When a system with large amounts of memory has several millions of
negative dentries in a single directory, a softlockup can occur while
adding an inotify watch:
watchdog: BUG: soft lockup - CPU#20 stuck for 9s! [inotifywait:9528]
CPU: 20 PID: 9528 Comm: inotifywait Kdump: loaded Not tainted 5.16.0-rc4.20211208.el8uek.rc1.x86_64 #1
Hardware name: QEMU Standard PC (i440FX + PIIX, 1996), BIOS 1.4.1 12/03/2020
RIP: 0010:__fsnotify_update_child_dentry_flags+0xad/0x120
Call Trace:
<TASK>
fsnotify_add_mark_locked+0x113/0x160
inotify_new_watch+0x130/0x190
inotify_update_watch+0x11a/0x140
__x64_sys_inotify_add_watch+0xef/0x140
do_syscall_64+0x3b/0x90
entry_SYSCALL_64_after_hwframe+0x44/0xae
This patch series is a modified version of the following:
https://lore.kernel.org/linux-fsdevel/1611235185-1685-1-git-send-email-gautham.ananthakrishna@oracle.com/
The strategy employed by this series is to move negative dentries to the
end of the d_subdirs list, and mark them with a flag as "tail negative".

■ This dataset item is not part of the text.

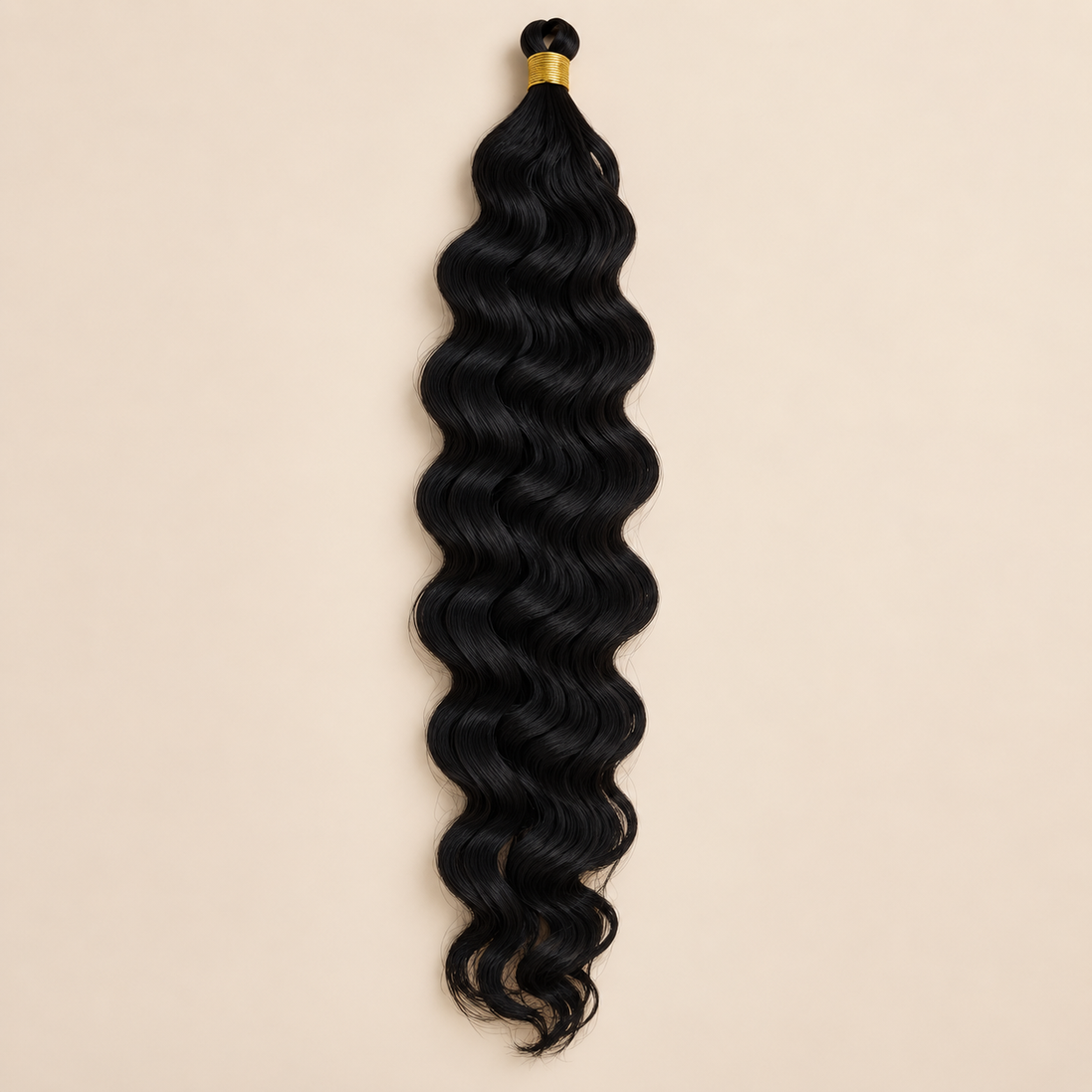Zwart RastAfri Kingston Curl kanekalon vlechthaar, 1, 50 cm, 85 gram, beige achtergrond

Then, readers of the d_subdirs list, which are only interested in
positive dentries, can stop reading once they reach the first tail
negative dentry. By applying this patch, I'm able to avoid the above
softlockup caused by 200 million negative dentries on my test system.
Inotify watches are set up nearly instantly.
Previously, Al expressed concern for:
1. Possible memory corruption due to use of lock_parent() in
sweep_negative(), see patch 01 for fix.
2. The previous patch didn't catch all ways a negative dentry could
become positive (d_add, d_instantiate_new), see patch 01.
3. The previous series contained a new negative dentry limit, which
capped the negative dentry count at around 3 per hash bucket. I've
dropped this patch from the series.
Patches 2-4 are unmodified from the previous posting.
Konstantin Khlebnikov (3):
fsnotify: stop walking child dentries if remaining tail is negative
dcache: add action D_WALK_SKIP_SIBLINGS to d_walk()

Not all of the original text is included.